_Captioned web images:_
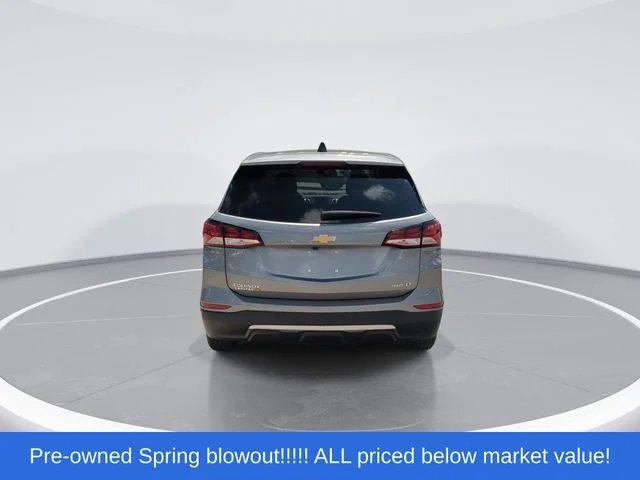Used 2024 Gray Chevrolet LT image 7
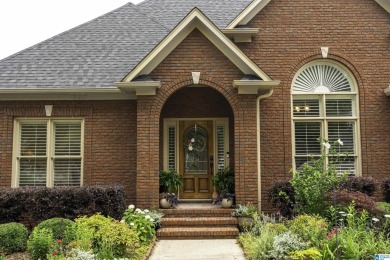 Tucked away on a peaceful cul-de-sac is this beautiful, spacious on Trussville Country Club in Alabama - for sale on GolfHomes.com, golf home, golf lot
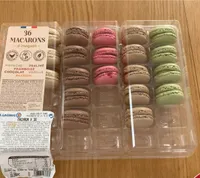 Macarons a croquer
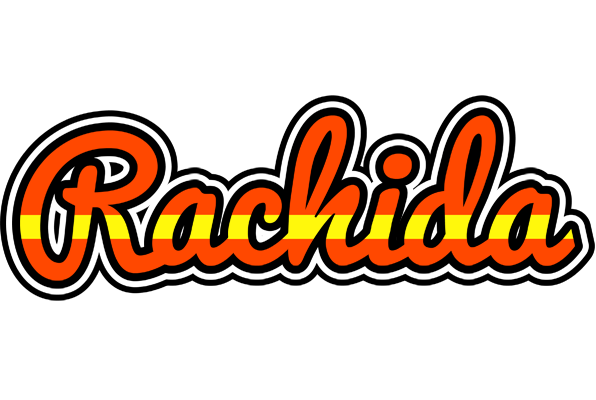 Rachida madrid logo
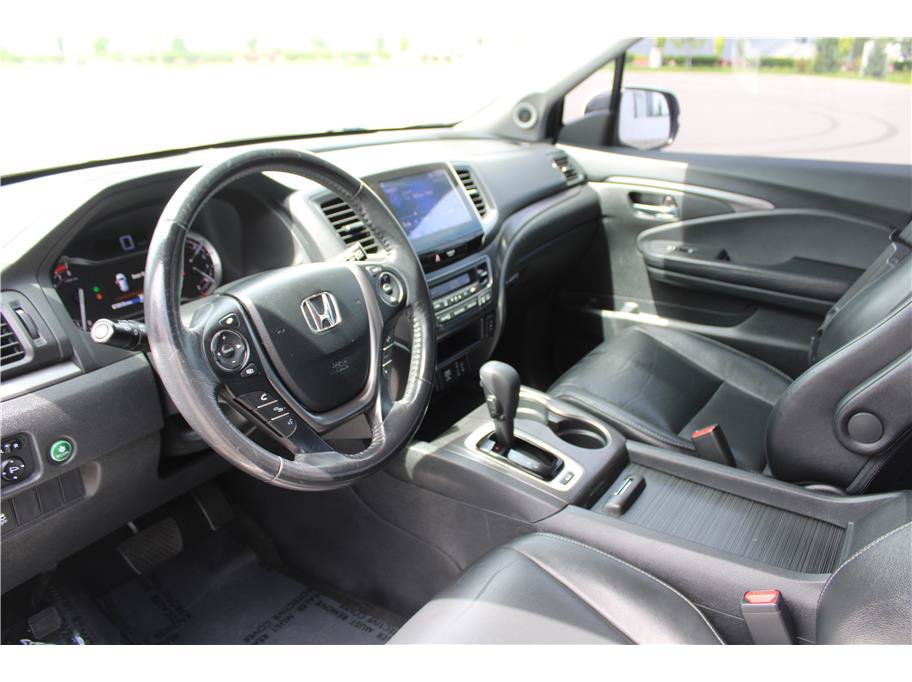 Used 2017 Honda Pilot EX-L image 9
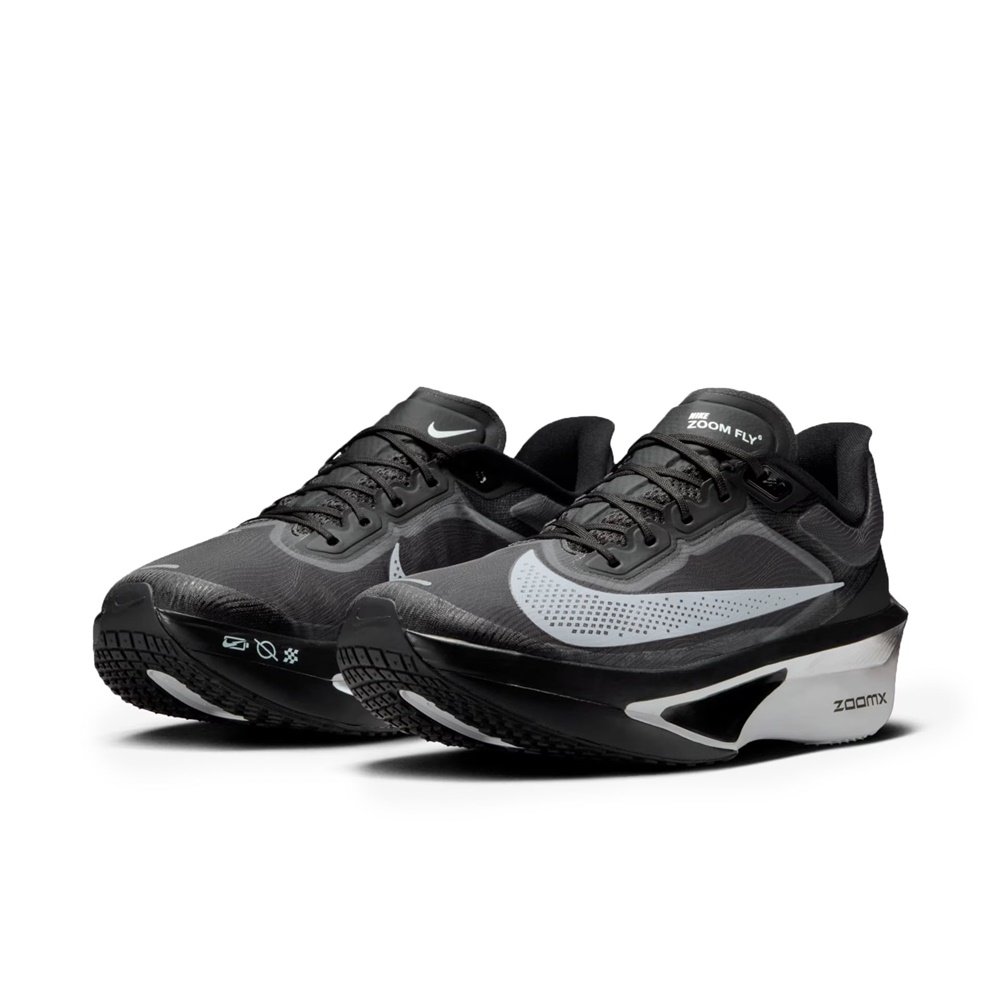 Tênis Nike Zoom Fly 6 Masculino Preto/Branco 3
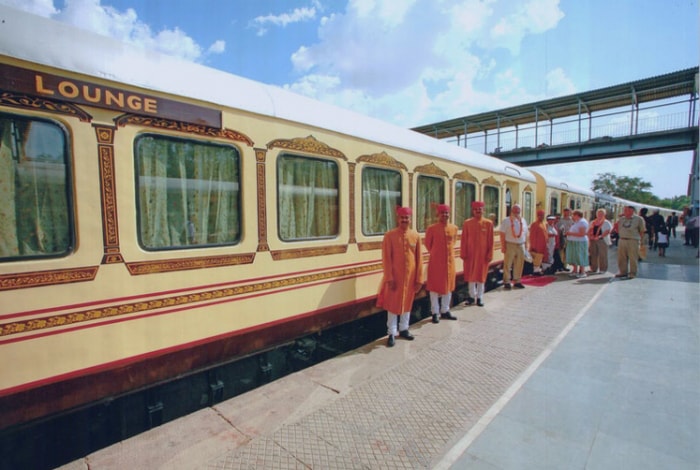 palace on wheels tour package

_DESCRIPTION OF THE TASK:_ A faithful copy of every record is required, with no pictures included.

_RESULT OF THIS EXERCISE:_
Used 2024 Gray Chevrolet LT image 7
 Tucked away on a peaceful cul-de-sac is this beautiful, spacious on Trussville Country Club in Alabama - for sale on GolfHomes.com, golf home, golf lot
 Macarons a croquer
 Rachida madrid logo
 Used 2017 Honda Pilot EX-L image 9
 Tênis Nike Zoom Fly 6 Masculino Preto/Branco 3
 palace on wheels tour package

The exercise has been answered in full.